What to do
Give again, word for word, every line below from the one that has "yhyy_abw2005's tweet photo." through the one that has "لنبدأ ونرى كم", both included, and no others.

START Extracted information

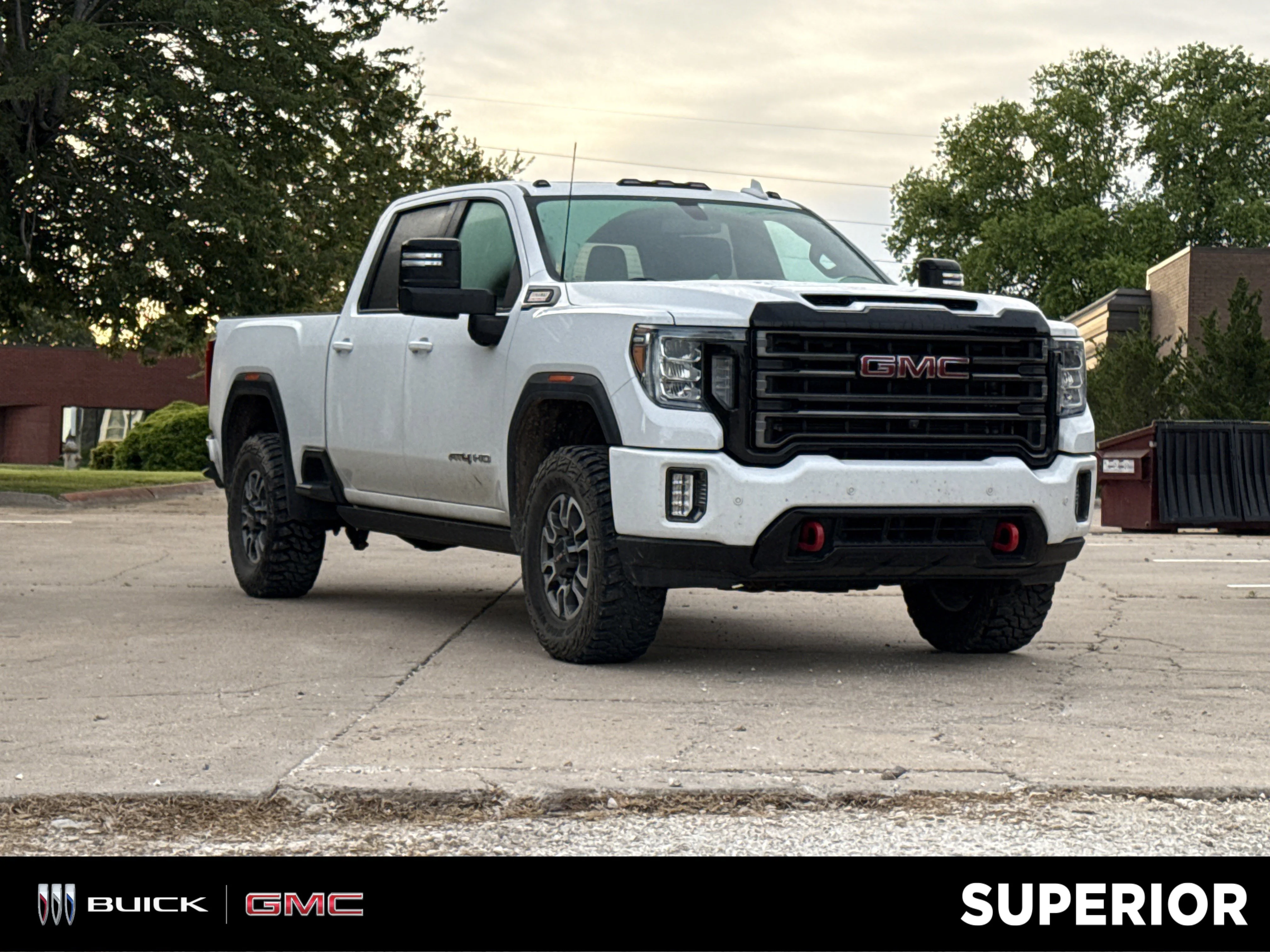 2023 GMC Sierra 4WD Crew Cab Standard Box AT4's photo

END Extracted information
START Extracted information

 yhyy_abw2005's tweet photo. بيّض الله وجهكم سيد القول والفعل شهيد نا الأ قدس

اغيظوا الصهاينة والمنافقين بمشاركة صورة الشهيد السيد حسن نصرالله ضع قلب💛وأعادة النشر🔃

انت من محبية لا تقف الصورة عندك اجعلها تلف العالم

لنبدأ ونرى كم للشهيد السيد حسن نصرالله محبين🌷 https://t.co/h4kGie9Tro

END Extracted information

Exercise solution
 yhyy_abw2005's tweet photo. بيّض الله وجهكم سيد القول والفعل شهيد نا الأ قدس

اغيظوا الصهاينة والمنافقين بمشاركة صورة الشهيد السيد حسن نصرالله ضع قلب💛وأعادة النشر🔃

انت من محبية لا تقف الصورة عندك اجعلها تلف العالم

لنبدأ ونرى كم للشهيد السيد حسن نصرالله محبين🌷 https://t.co/h4kGie9Tro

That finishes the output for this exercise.